[Problem requirements]
Each line below should be repeated exactly, but no picture should be carried over.

────

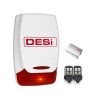 Desi Midline WS Alarm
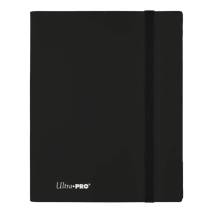 Ultra Pro - Eclipse Pro Binder Black-IKON-ProHobbies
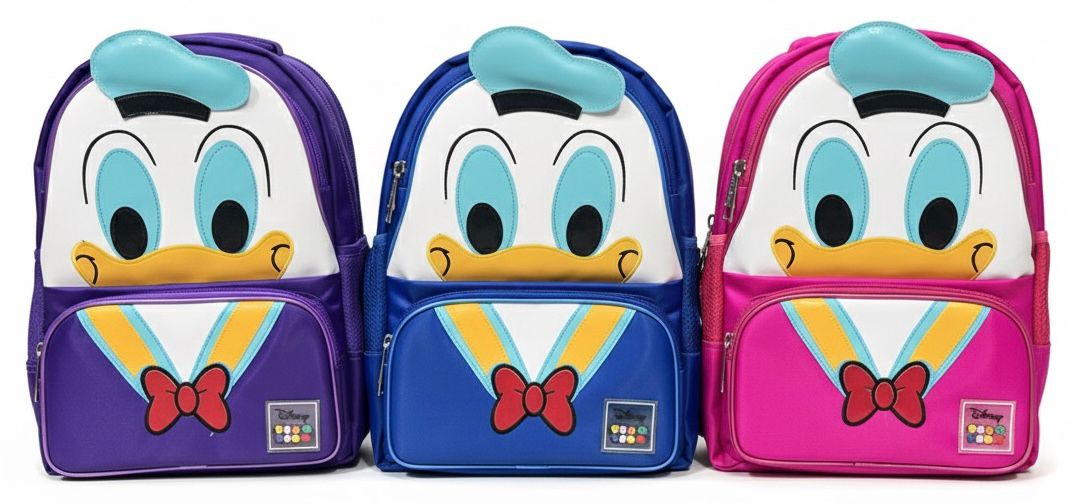 16" Duck Foam-Coated Bag – 3 Colors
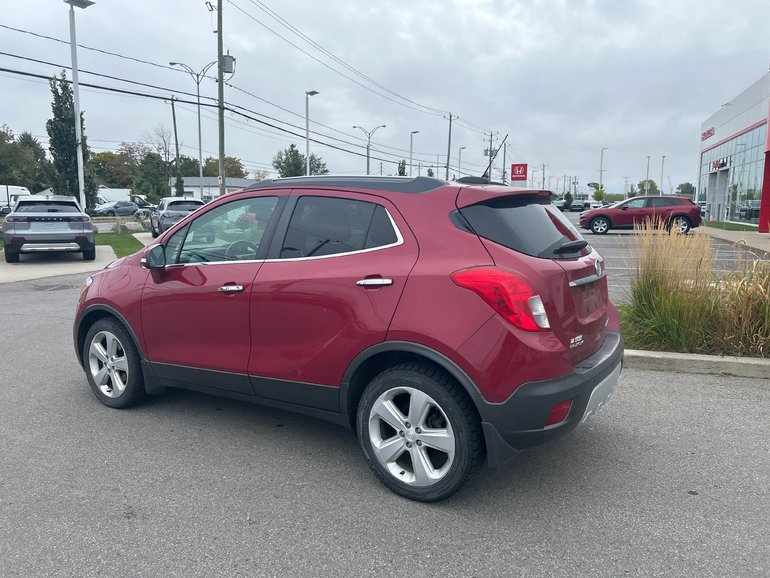 2015 Buick Encore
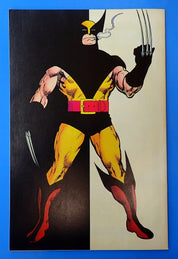 Wolverine #1 (1988) - VF+ (8.5) - Wolverine's 1st Ongoing Series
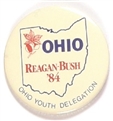 Reagan. Bush Ohio Delegation
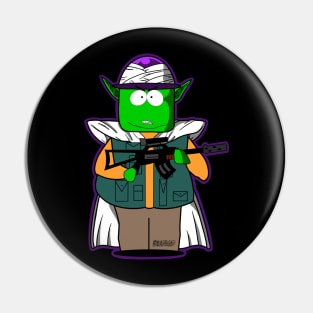 Jimbo piccolo kern Pin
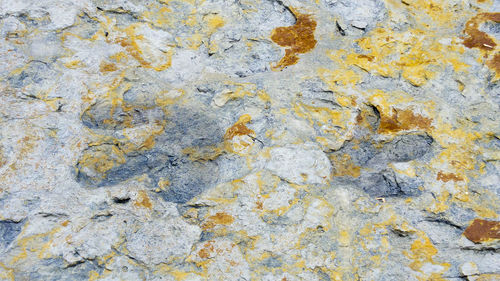 Full frame shot of rock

────

[Solved problem]
 Desi Midline WS Alarm
 Ultra Pro - Eclipse Pro Binder Black-IKON-ProHobbies
 16" Duck Foam-Coated Bag – 3 Colors
 2015 Buick Encore
 Wolverine #1 (1988) - VF+ (8.5) - Wolverine's 1st Ongoing Series
 Reagan. Bush Ohio Delegation
 Jimbo piccolo kern Pin
 Full frame shot of rock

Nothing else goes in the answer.